● **Problem description**
Give every line of the data again, unchanged, but with no pictures.

##### Given information #####

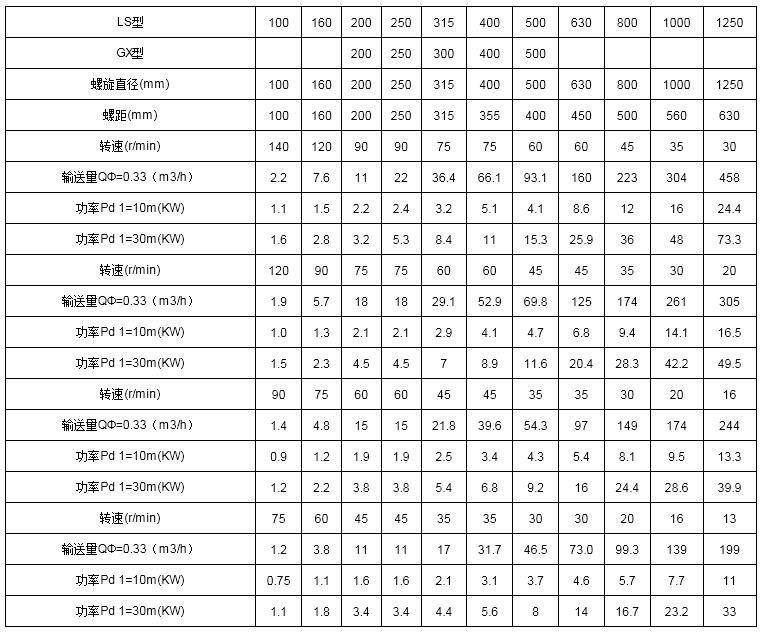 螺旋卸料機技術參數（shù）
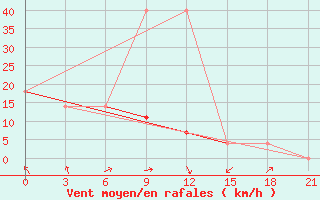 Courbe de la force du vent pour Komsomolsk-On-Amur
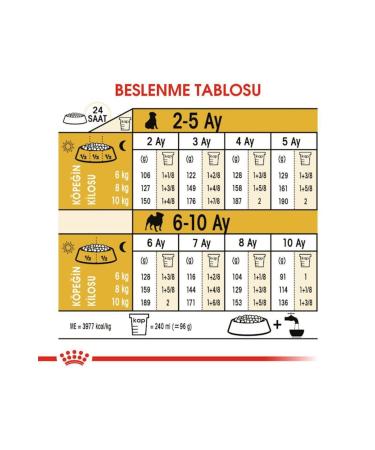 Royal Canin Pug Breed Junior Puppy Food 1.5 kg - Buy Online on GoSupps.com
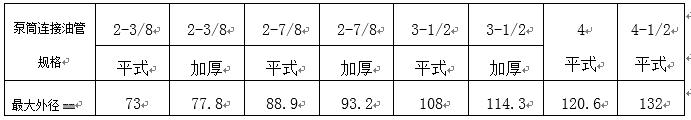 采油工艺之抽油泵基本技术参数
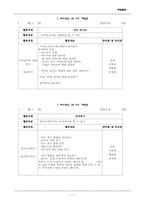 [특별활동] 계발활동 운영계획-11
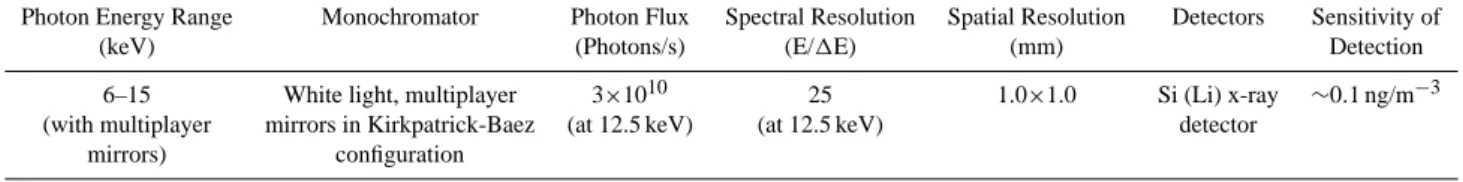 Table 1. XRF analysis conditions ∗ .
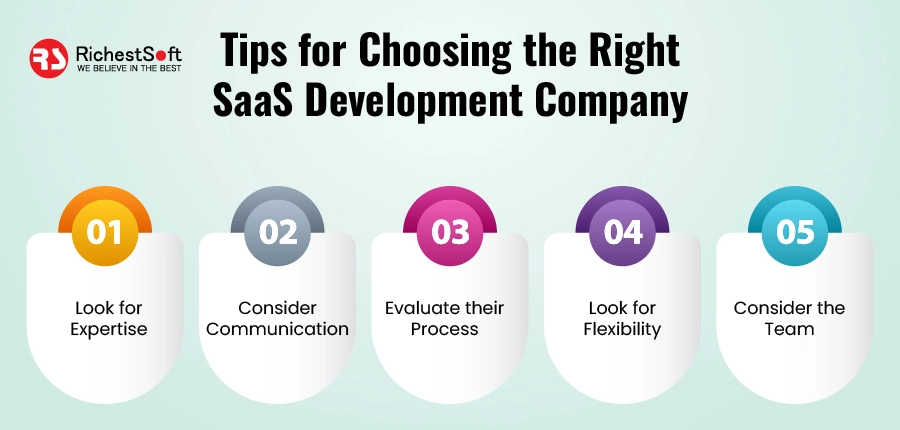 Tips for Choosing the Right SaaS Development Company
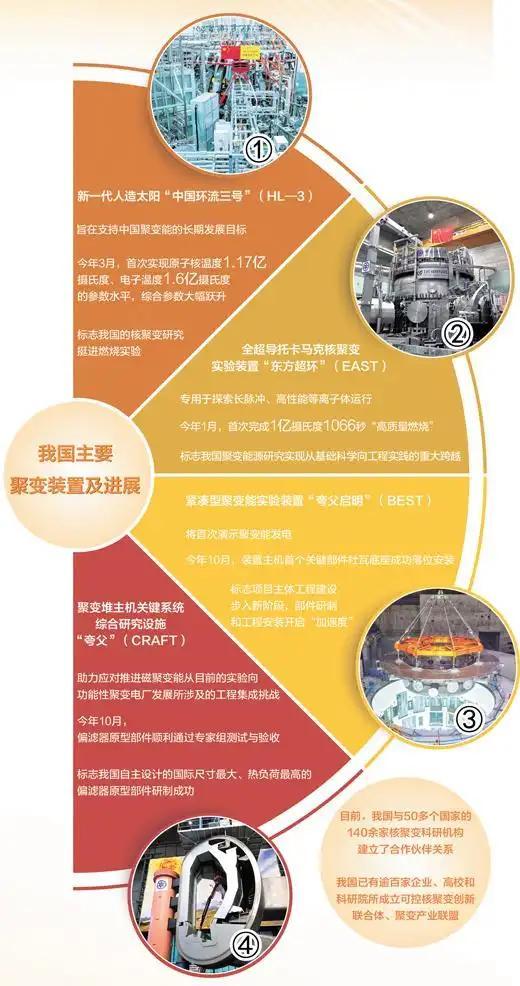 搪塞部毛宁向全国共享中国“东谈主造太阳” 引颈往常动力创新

#####

● **Solution for this task**
 螺旋卸料機技術參數（shù）
 Courbe de la force du vent pour Komsomolsk-On-Amur
 Royal Canin Pug Breed Junior Puppy Food 1.5 kg - Buy Online on GoSupps.com
 采油工艺之抽油泵基本技术参数
 [특별활동] 계발활동 운영계획-11
 Table 1. XRF analysis conditions ∗ .
 Tips for Choosing the Right SaaS Development Company
 搪塞部毛宁向全国共享中国“东谈主造太阳” 引颈往常动力创新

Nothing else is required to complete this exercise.